12/31/13

A Miracle on Fourth Street

Some ten years ago, Carmen was working as Head Concierge at the Brown Hotel in downtown Louisville. I drove her to and from work, especially on those days that she worked second shift. The employee parking lot was a block away from the hotel and the streets of downtown Louisville are dark and lonely as the night reaches toward midnight.

 The second shift supposedly ended at 11 PM, but it was a very rare event for Carmen to actually leave the job at that scheduled time. I would arrive by 11 and wait in the car in an alley next to the Brown, near the employee back entrance. Sometimes I would wait there for more than an hour before Carmen finally emerged. Sometimes I would take a nap while waiting.

One warm summer evening I got a sudden urge to stop and buy a pack of Kool filtered cigarettes at the Seven - Eleven as I headed out from home for the fifteen minute drive downtown. I don't know why. Kool is not my brand of cigarettes. I had not bought a pack of Kools in the ten years before that day, nor in the ten years since then. But, I had the idea and it seemed important, so I did it.
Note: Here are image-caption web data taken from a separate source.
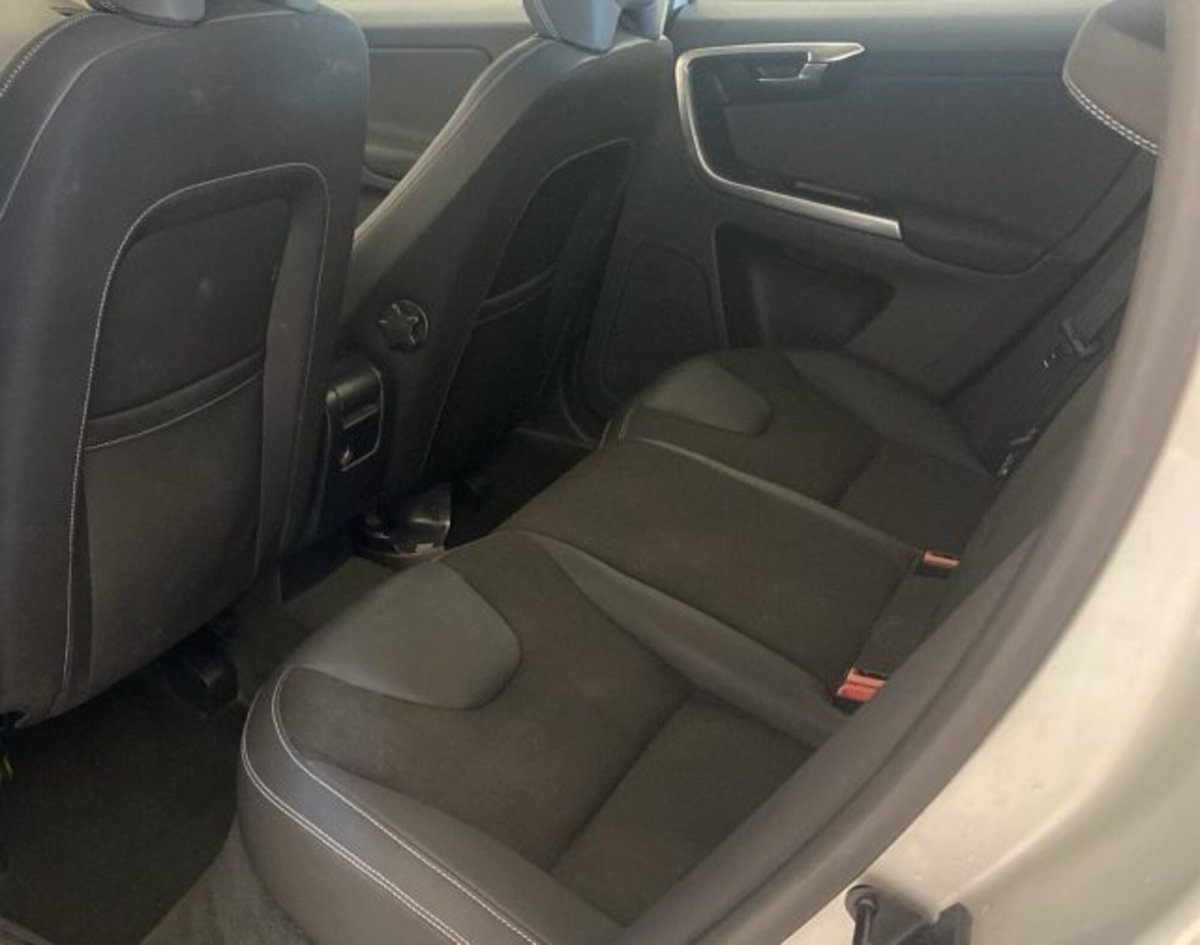 Volvo XC60 D4 AWD Geartronic Momentum (5)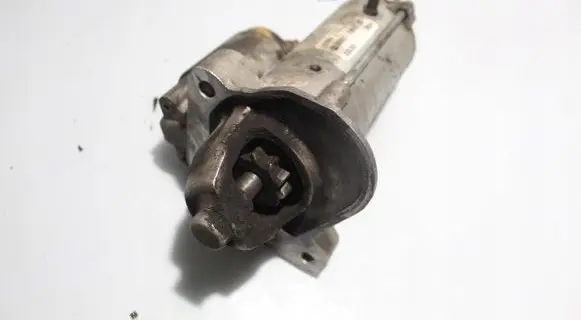 Ford Focus Starter motor 3M5T11000
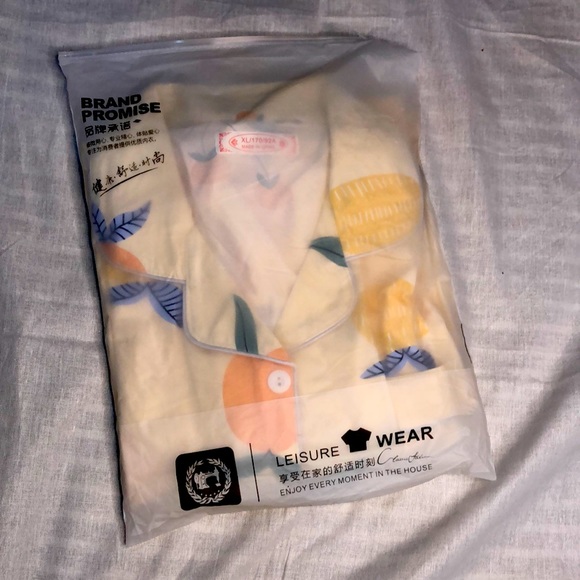 ❌SORRY NOT AVAILABLE ❌ Light Yellow Night Suit for lady Chine Trade, - Picture 3 of 8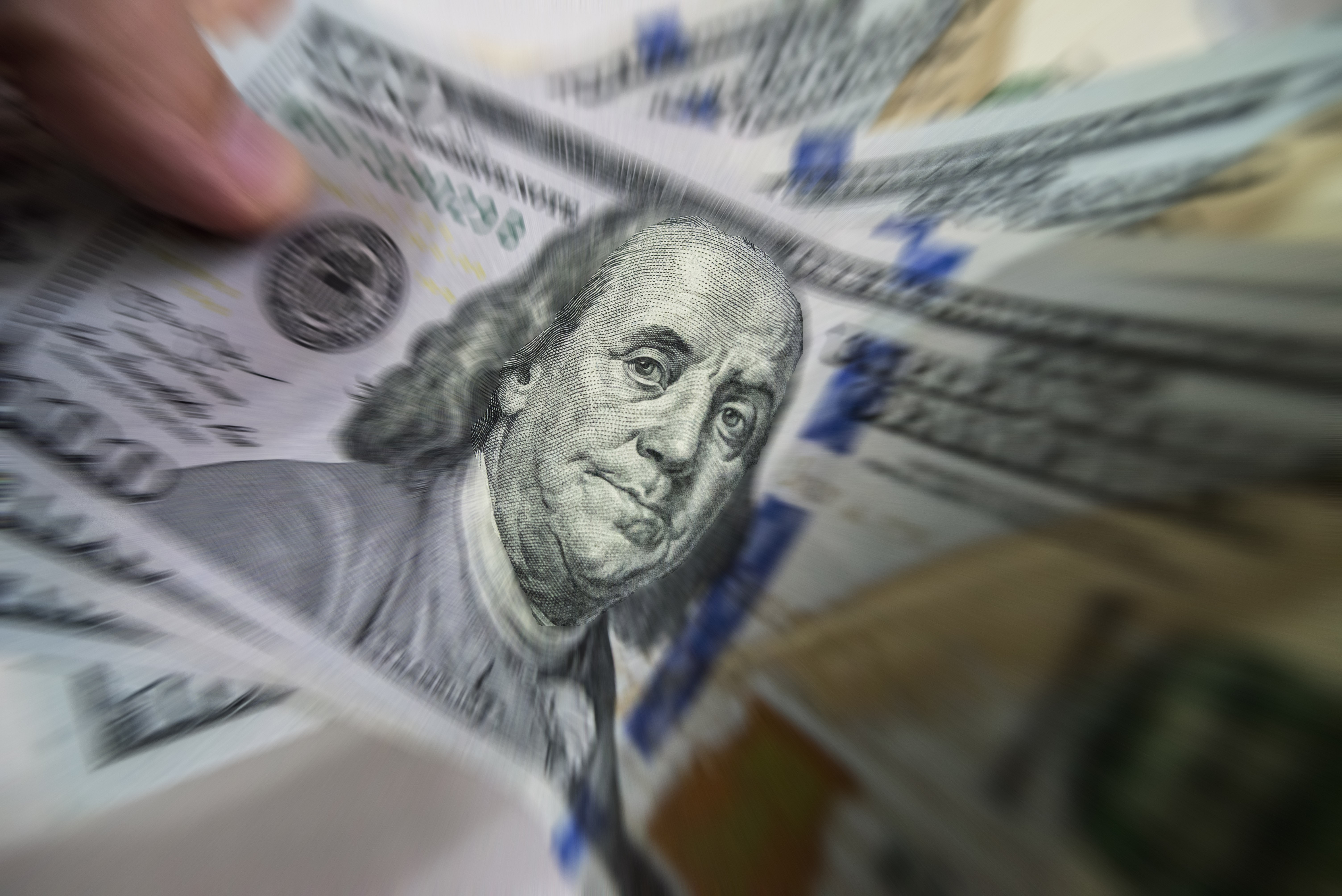 Dólar abre em alta, de olho em dados dos EUA e às vésperas das eleições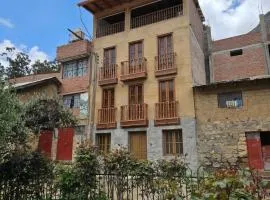 Wasicha Plaza Huancaya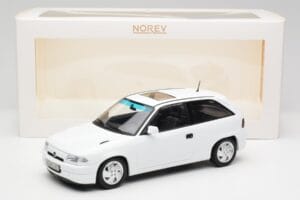 Opel Astra F GSi Blanc Casablanca Norev 1:18 183673 Diecast - image 6 of 6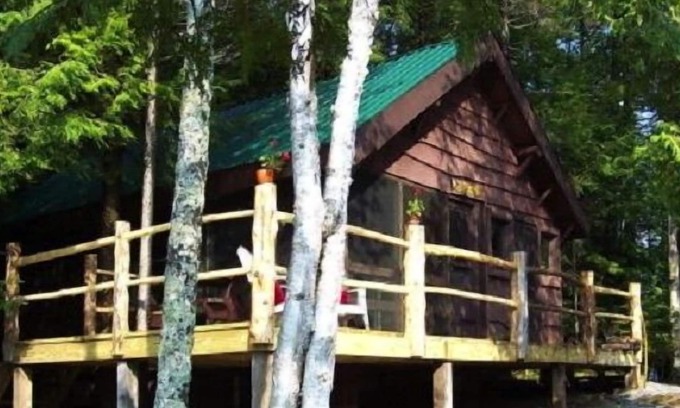 Saranac Lake Cabin | Vintage, Retro Adirondack Cabin - waterfront, peaceful - open spring/summer/fall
I stopped and bought one pack of Kool filtered cigarettes. 

I opened the pack and smoked one of the Kools as I drove I-64 toward downtown. I didn't like it that much, so I set the pack on the seat next to me and forgot about it.

Carmen was working later than usual that night. As I waited in the car nearly dozing, I spotted a figure in the rear-view mirror walking up the alley from behind me. It was a young black man wearing jeans and a tee-shirt walking barefoot, with a pair of heavy work boots tied by the laces slung over his shoulder. He looked tired and running on empty.

As the young man passed the back of the Brown Hotel, he stopped to pick a few cigarette butts from the employee's ashtray before continuing on. I just sat there, watching quietly.

As the young man came to the end of the alley at Fourth Street, a jolt ran through me. I should give that unwanted pack of Kool cigarettes to this guy!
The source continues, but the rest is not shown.